**Work instructions:**
Without the pictures, copy the entries below word for word.

Entries supplied START

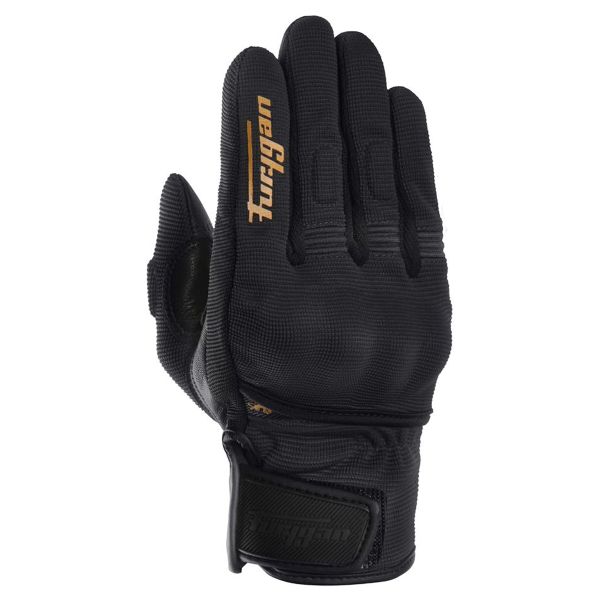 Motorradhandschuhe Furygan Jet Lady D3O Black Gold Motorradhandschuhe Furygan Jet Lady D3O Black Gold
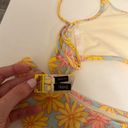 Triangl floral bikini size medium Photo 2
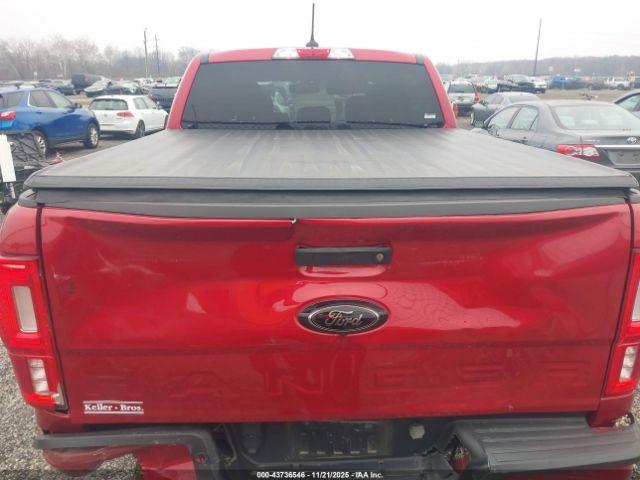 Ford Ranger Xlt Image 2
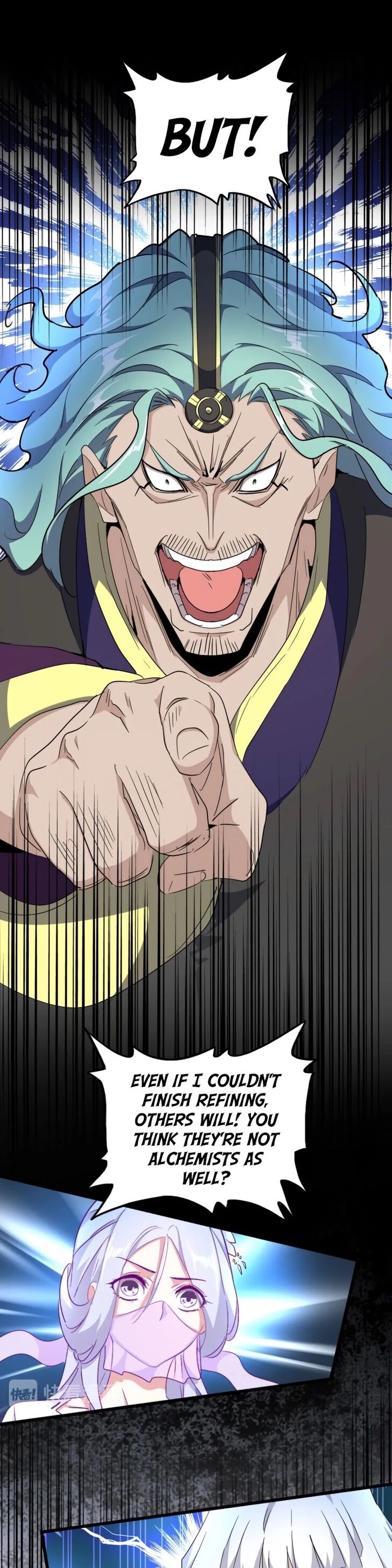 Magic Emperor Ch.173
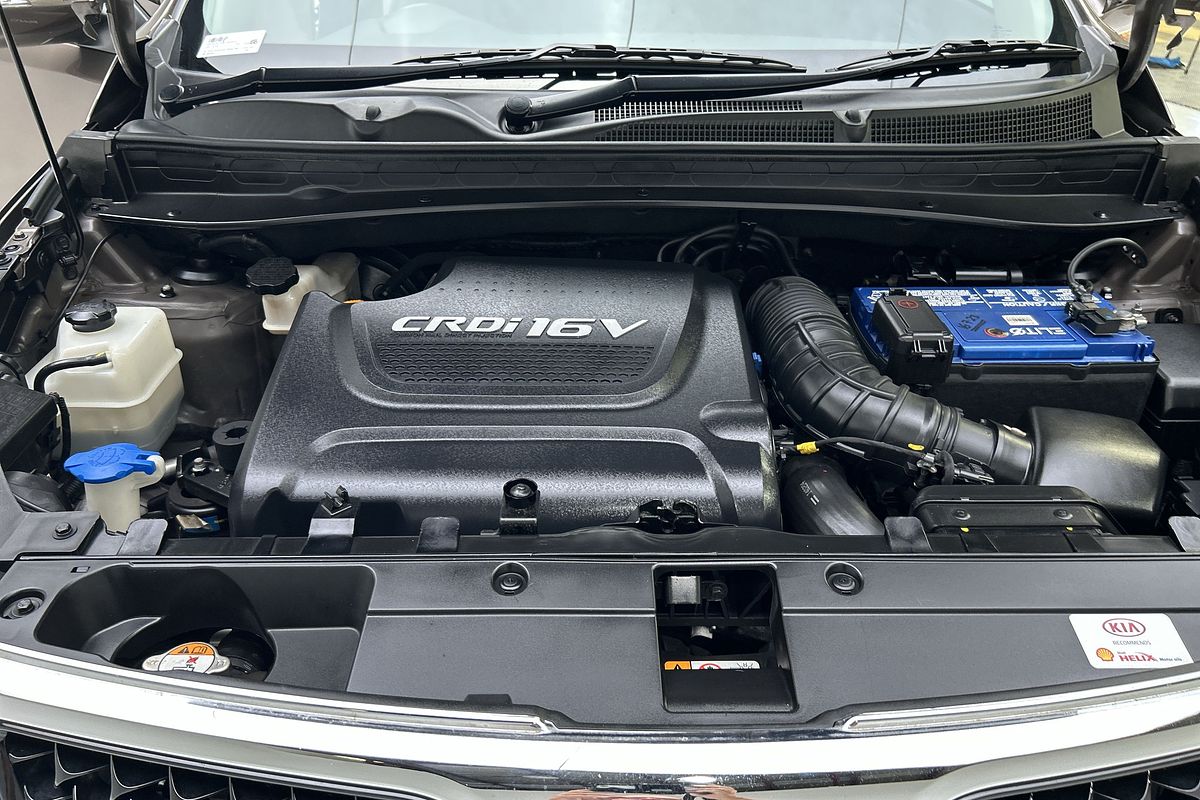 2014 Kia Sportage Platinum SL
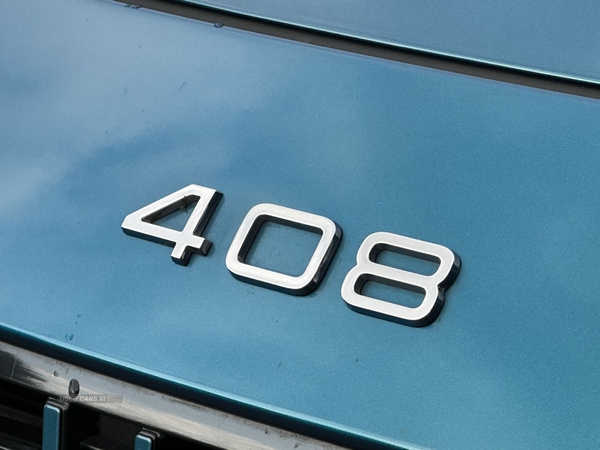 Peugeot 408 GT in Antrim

Entries supplied END

**Answer to this task:**
 Motorradhandschuhe Furygan Jet Lady D3O Black Gold Motorradhandschuhe Furygan Jet Lady D3O Black Gold
 Triangl floral bikini size medium Photo 2
 Ford Ranger Xlt Image 2
 Magic Emperor Ch.173
 2014 Kia Sportage Platinum SL
 Peugeot 408 GT in Antrim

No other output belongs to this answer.